As of Q1 2025, just over 50 million metric tonnes of CO2 capture and storage capacity was operational globally, according to the IEA's CCUS Projects Database. More than 60% of that operational capacity remains at natural gas processing facilities. NG + CCS for power generation is the next frontier.

>> RELATED: US Carbon Capture Race: $77B Industry Shifts Global Balance

"We're in a unique position to provide low-carbon power at large scale on a very competitive and accelerated timeline."

Dan Ammann, President, ExxonMobil Low Carbon Solutions

How Does the Data Center Boom Change the NG + CCS Equation?

Data centers have emerged as a major driver of new electricity demand. Globally, data centers are projected to consume more electricity by 2030 than Japan does today, according to the IEA. US hyperscale facilities increasingly need grid-independent, dispatchable power that also meets low-carbon commitments.

This is where natural gas power with carbon capture finds a ready market. ExxonMobil is already in front-end engineering design for gas-fired CCS power plants targeting data center customers. The company estimates data centers could represent up to 20% of its total addressable CCS market by 2050. The GPI atlas gives developers a geographic framework for determining where those projects are most viable.

The atlas also notes that natural gas is being considered for on-site, behind-the-meter power generation at new data facilities. Pairing that power with carbon capture lets operators meet both reliability and emissions reduction targets at the same time.

What Is This Atlas Designed to Do, and What Isn't It?

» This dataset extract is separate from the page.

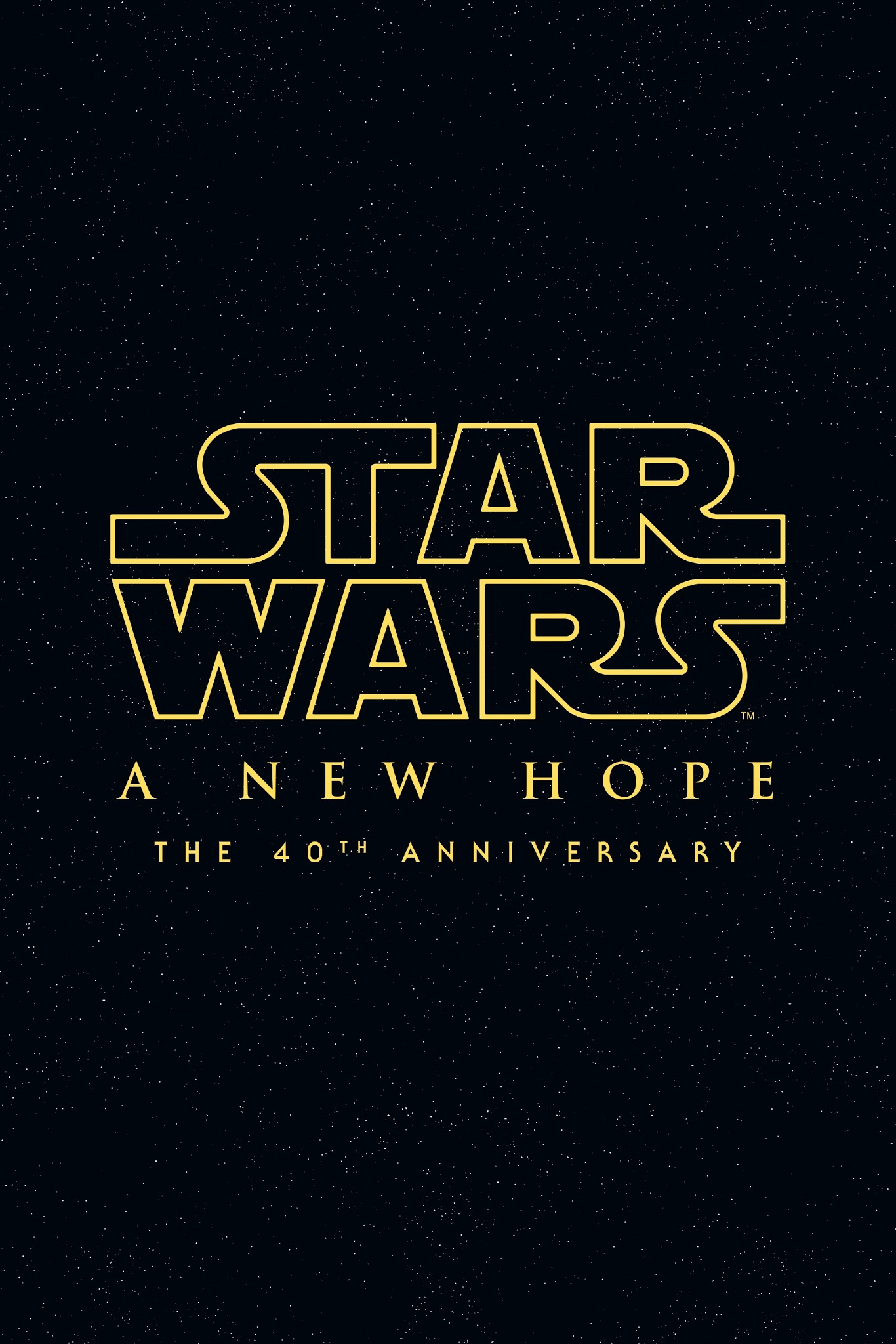 Read online Star Wars: A New Hope: The 40th Anniversary comic -  Issue # TPB - 2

GPI is explicit that the atlas is a screening tool, not a siting guide. It's built for early-stage planning. Policy makers, developers, and grid operators can use it to narrow down regions worth a closer look. It won't replace permitting work, environmental review, land ownership analysis, or community engagement.

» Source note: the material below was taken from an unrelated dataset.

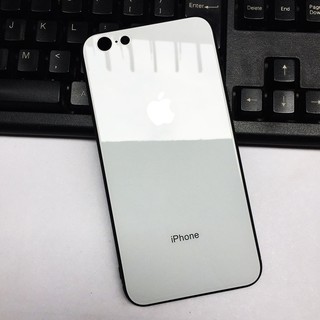 Ốp Lưng Tráng Gương cho 6 Plus và 6s Plus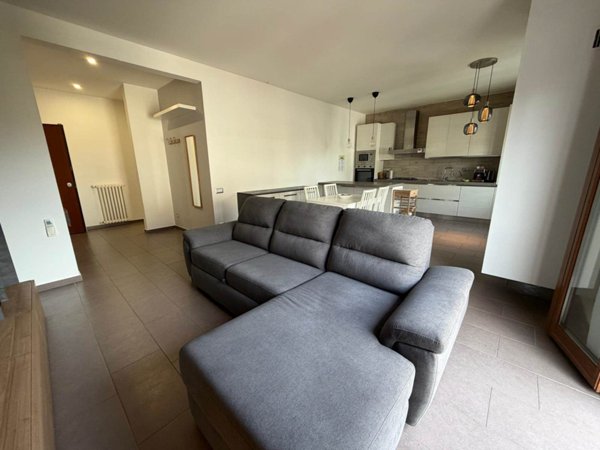 appartamento in vendita a Certaldo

GPI also offers a separate Decision Support Tool for carbon management communities. It provides shared, accessible data to support site-specific decisions at the local level. The atlas handles national-scale screening. The decision tool handles project-level detail. The two are designed to work together.

The US has more than 270 publicly announced carbon capture projects totaling $77.5 billion in capital investment, as tracked in ongoing federal and industry analysis. Moving those projects from announced to operational requires the geographic clarity tools like this atlas are designed to provide.

The full atlas and interactive maps are available at carboncaptureready.betterenergy.org. The Carbon Capture Coalition, which GPI convenes, published the atlas announcement for its member network of utilities, energy providers, and planners navigating rapidly rising electricity demand.

What the Atlas Signals for the Road Ahead

The US has a resource advantage in NG + CCS. It has the geology, the gas supply, the infrastructure, and a policy framework built around the 45Q tax credit. What it has lacked is a nationally consistent picture of where to focus first. The GPI atlas addresses that gap directly.

US electricity demand is set to rise 35% to 50% by 2040. The pressure to develop clean, reliable, dispatchable power is intensifying. New financing models for carbon capture and offshore CO2 storage development in the Gulf are building the commercial infrastructure to match that ambition. The atlas gives all of it a geographic foundation to build from.